Stuck in the Groove: A Critique of Compulsory Schooling

As a critic of formal schooling, I feel guilty about criticizing it. I am a product of the system, yet my accumulated knowledge and experience screams at me to clear the record on its contradictions and failings.

As a child in elementary school, I was singled out early for my undisciplined, mischievous behaviour. I was strapped for a misdemeanor in my first week in Grade 1. From that moment to this, I fear “getting it wrong”. Perhaps this anxiety can be explained by a healthy regard for my working class roots; or it could be that I am reconciling incidents like the strapping that may have set my formal learning onto a less than functional pathway. Whatever the case, I feel like a survivor of the school system rather than a self-actualized graduate.

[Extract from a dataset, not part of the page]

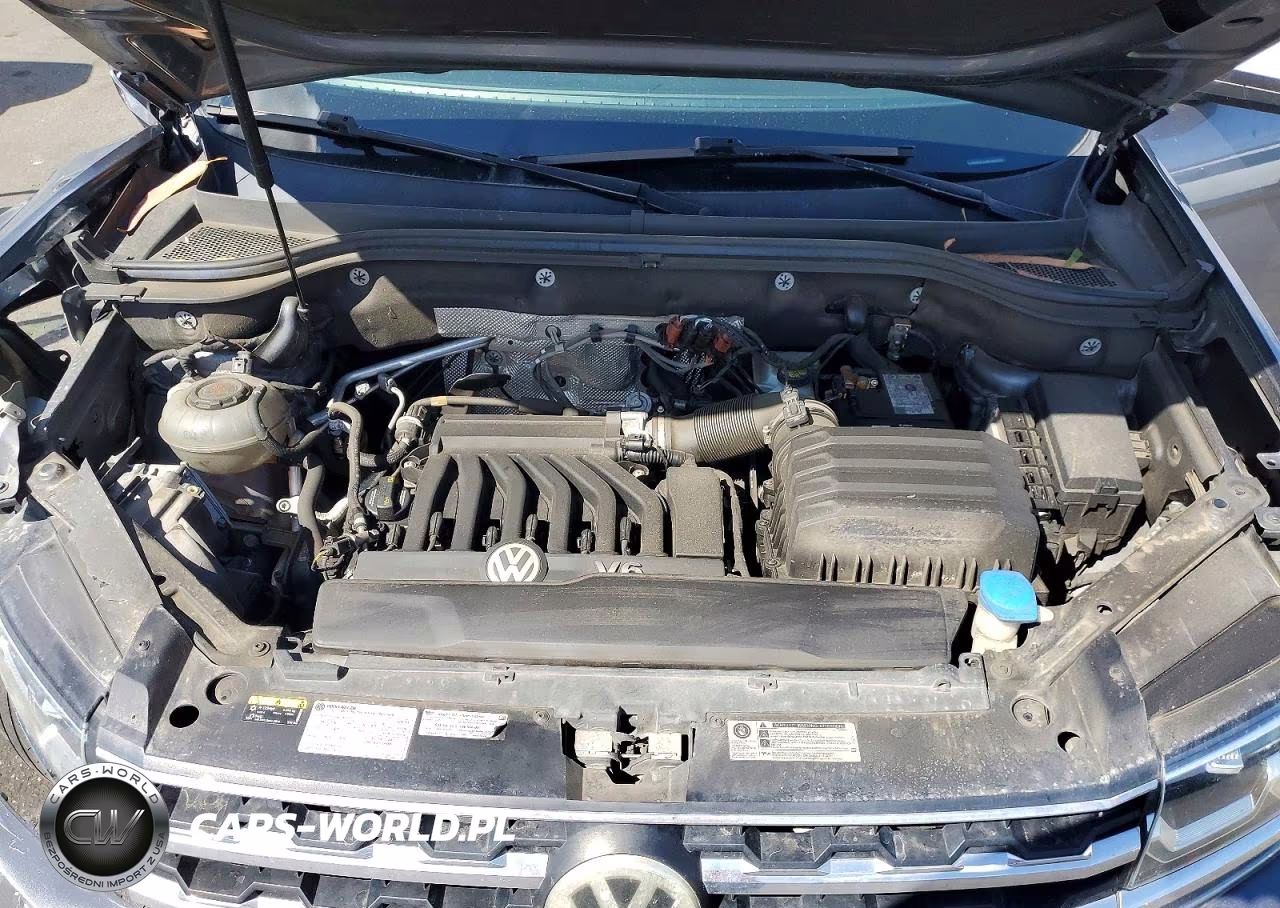 2019 Volkswagen Atlas Se VIN:1V2WR2CA9KC545209 - 12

Balancing my own life experiences with the way of learning entrenched in schools has defined my professional life as an educator – as if my development as a human being has been directed in ways that, in retrospect, did not suit my personality or needs. And so, I am both apprehensive, and compelled to set the record straight.

The Problem with Schools

Learning in formal schools violates several simple principles. The first is that no one can learn on an empty spirit. The second is that true learning requires an absence of fear or authority. A third is that learning is the most natural of human instincts. It doesn’t need to be forced or institutionalized.

These principles of child and adult development can be found in the education and psychology literature, but also in the recesses of our minds when we step outside of our formal learned behaviour patterns and think independently – not easy to do after being confined in formal learning institutions for long periods of time. Indeed, some thinkers have characterized such confinement as a form of imprisonment. By contrast, these basic principles of learning are often respected by other cultures. Indigenous philosophies of learning, for example, value oral and experiential forms of learning. Tradespeople value learning by apprenticeship or doing. Artists often think and act spatially.

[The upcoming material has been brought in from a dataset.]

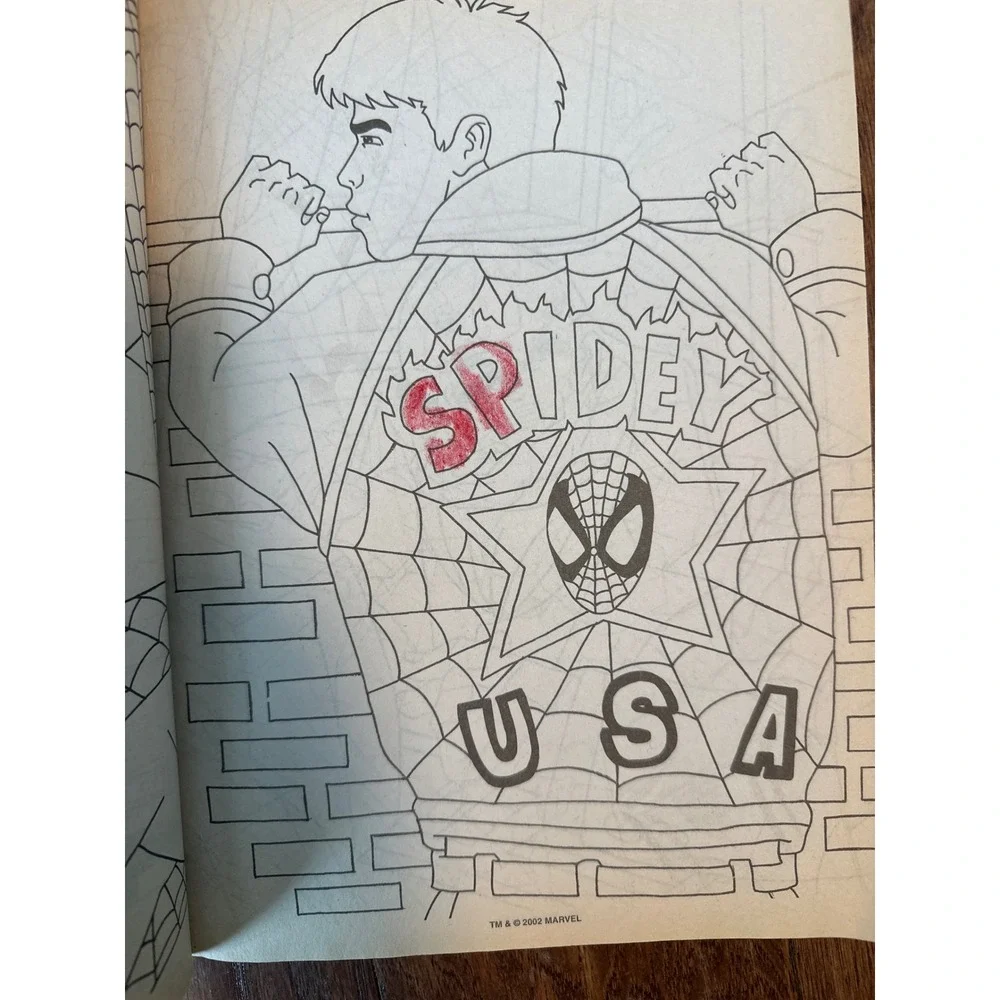 Spider-Man has country pages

So, what is the problem with schools – or, perhaps more accurately, what is the problem with the way we think about schools? The following interrelated random comments, when taken together, shed light on both questions and re-frame the problem.

Why shouldn’t mothers…, who spend all day with their children, teach them to read, to understand money, to think about numbers, to understand the calendar, the clock, time, space? Now that these are necessary requirements for a full humanity, just as walking and talking and understanding kinship relations and the local terrain were once the requirements for a full humanity, why can’t all such essentials be taught at home? Do we know why not?” (Margaret Mead).[1]

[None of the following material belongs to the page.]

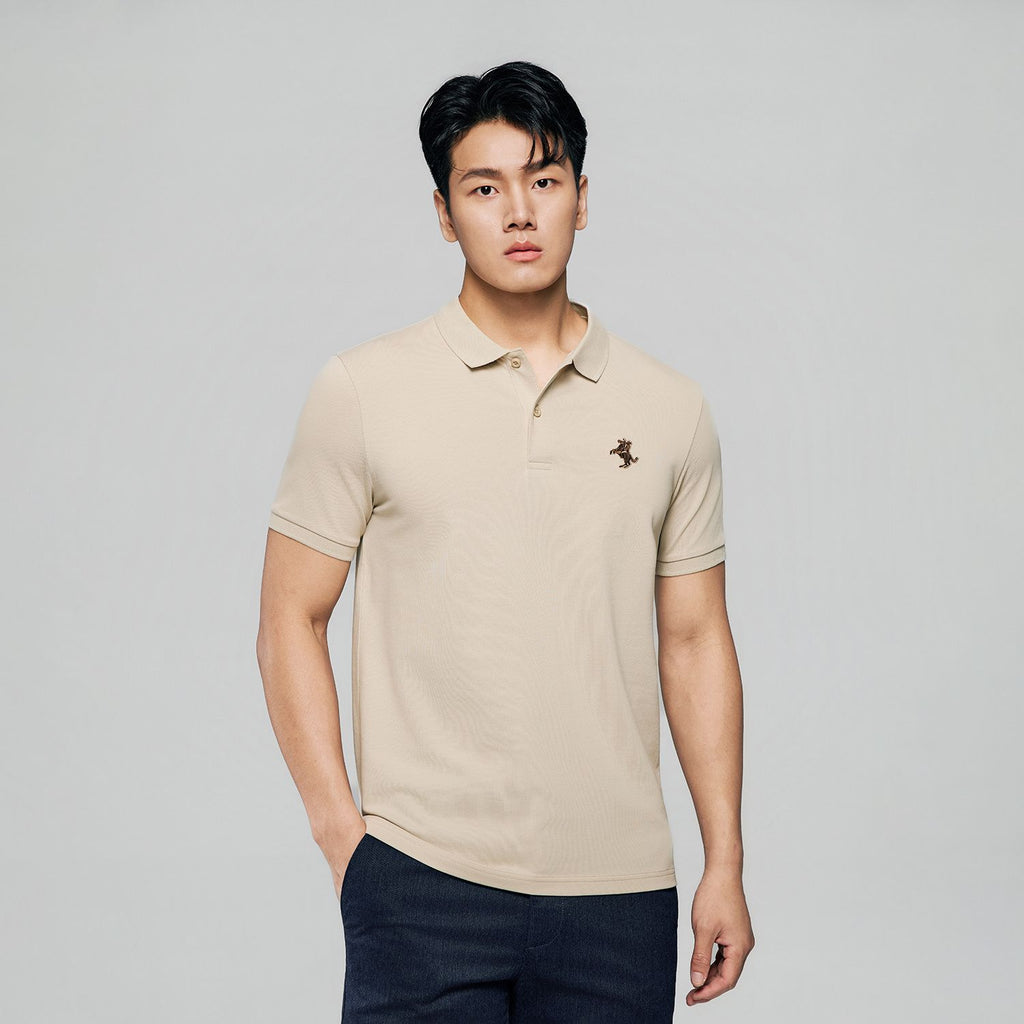 Men's 3G Small Napoleon Slim Polo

“She was due to start Kindergarten a couple weeks after her fourth birthday. When it was time to register I called to enquire as to how they would meet her educational needs. At the time, she was reading Charlotte’s Web and about three-quarters of the way through the things she would have learned in the Grade 1 math curriculum and was writing at a level I would have expected for a B student by the end of Grade 1…. She had, for the most part, taught this all to herself with me acting as a facilitator, answering questions, reading to her, etc. The school’s response was that she could come and learn her ABC’s and numbers to 10 with everyone else and be “socialized”. I started looking into homeschooling at that point. – [Kristen Moras has been a homeschooling mom for five years.]

“I wasn’t a good student so I was afraid of criticism and it stayed with me. I was insecure for half my life” [Maureen McAllister is a former preschool teacher, mother, and now grandmother].

“Traditions of ‘friluftsliv’ are simple, engaging, primal, interactions with nature: a morning paddle, a berry-picking excursion, a family trip, a walk with the dog, a well-planned outing. These are the practical activities of simply living first in nature. We need to be in joyous union with nature before risky adventures and intensive study dominate our experiences… within this we move seamlessly from activity to idea.” (Bob Henderson, a Canadian outdoor educator who attended an outdoor education conference/retreat in Norway, where he was introduced to a Norwegian tradition called friluftsliv).[2]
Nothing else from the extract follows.